#### GOAL OF THE EXERCISE:
Please retype each record exactly as it stands below.

Short text fragments from websites
....

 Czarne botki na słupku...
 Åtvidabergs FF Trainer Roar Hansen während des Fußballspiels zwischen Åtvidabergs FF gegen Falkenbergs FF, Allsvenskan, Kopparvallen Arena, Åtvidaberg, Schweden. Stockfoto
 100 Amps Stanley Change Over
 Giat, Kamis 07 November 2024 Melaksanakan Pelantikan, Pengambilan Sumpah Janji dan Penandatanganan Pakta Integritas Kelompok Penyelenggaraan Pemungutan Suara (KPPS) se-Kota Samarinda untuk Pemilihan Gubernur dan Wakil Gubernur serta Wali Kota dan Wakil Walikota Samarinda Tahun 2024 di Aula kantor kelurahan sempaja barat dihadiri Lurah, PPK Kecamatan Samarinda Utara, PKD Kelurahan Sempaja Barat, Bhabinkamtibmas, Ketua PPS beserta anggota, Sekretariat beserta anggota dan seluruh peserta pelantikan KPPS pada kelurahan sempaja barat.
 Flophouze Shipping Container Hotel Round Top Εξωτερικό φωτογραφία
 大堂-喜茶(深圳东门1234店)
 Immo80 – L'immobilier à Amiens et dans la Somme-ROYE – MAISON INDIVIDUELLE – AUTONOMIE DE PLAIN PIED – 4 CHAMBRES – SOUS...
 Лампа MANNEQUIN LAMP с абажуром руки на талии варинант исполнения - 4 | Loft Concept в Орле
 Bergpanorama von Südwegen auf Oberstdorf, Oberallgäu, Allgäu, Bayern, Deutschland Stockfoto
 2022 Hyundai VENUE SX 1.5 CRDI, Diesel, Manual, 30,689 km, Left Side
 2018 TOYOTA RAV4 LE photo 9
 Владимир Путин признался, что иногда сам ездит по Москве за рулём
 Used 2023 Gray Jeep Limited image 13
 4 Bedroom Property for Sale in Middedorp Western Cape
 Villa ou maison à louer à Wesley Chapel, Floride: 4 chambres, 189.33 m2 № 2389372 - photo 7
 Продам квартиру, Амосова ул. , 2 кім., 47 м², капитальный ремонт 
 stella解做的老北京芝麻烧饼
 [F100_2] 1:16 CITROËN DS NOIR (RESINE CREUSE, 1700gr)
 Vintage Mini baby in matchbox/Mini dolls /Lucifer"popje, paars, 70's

....

#### RESPONSE:
 Czarne botki na słupku...
 Åtvidabergs FF Trainer Roar Hansen während des Fußballspiels zwischen Åtvidabergs FF gegen Falkenbergs FF, Allsvenskan, Kopparvallen Arena, Åtvidaberg, Schweden. Stockfoto
 100 Amps Stanley Change Over
 Giat, Kamis 07 November 2024 Melaksanakan Pelantikan, Pengambilan Sumpah Janji dan Penandatanganan Pakta Integritas Kelompok Penyelenggaraan Pemungutan Suara (KPPS) se-Kota Samarinda untuk Pemilihan Gubernur dan Wakil Gubernur serta Wali Kota dan Wakil Walikota Samarinda Tahun 2024 di Aula kantor kelurahan sempaja barat dihadiri Lurah, PPK Kecamatan Samarinda Utara, PKD Kelurahan Sempaja Barat, Bhabinkamtibmas, Ketua PPS beserta anggota, Sekretariat beserta anggota dan seluruh peserta pelantikan KPPS pada kelurahan sempaja barat.
 Flophouze Shipping Container Hotel Round Top Εξωτερικό φωτογραφία
 大堂-喜茶(深圳东门1234店)
 Immo80 – L'immobilier à Amiens et dans la Somme-ROYE – MAISON INDIVIDUELLE – AUTONOMIE DE PLAIN PIED – 4 CHAMBRES – SOUS...
 Лампа MANNEQUIN LAMP с абажуром руки на талии варинант исполнения - 4 | Loft Concept в Орле
 Bergpanorama von Südwegen auf Oberstdorf, Oberallgäu, Allgäu, Bayern, Deutschland Stockfoto
 2022 Hyundai VENUE SX 1.5 CRDI, Diesel, Manual, 30,689 km, Left Side
 2018 TOYOTA RAV4 LE photo 9
 Владимир Путин признался, что иногда сам ездит по Москве за рулём
 Used 2023 Gray Jeep Limited image 13
 4 Bedroom Property for Sale in Middedorp Western Cape
 Villa ou maison à louer à Wesley Chapel, Floride: 4 chambres, 189.33 m2 № 2389372 - photo 7
 Продам квартиру, Амосова ул. , 2 кім., 47 м², капитальный ремонт 
 stella解做的老北京芝麻烧饼
 [F100_2] 1:16 CITROËN DS NOIR (RESINE CREUSE, 1700gr)
 Vintage Mini baby in matchbox/Mini dolls /Lucifer"popje, paars, 70's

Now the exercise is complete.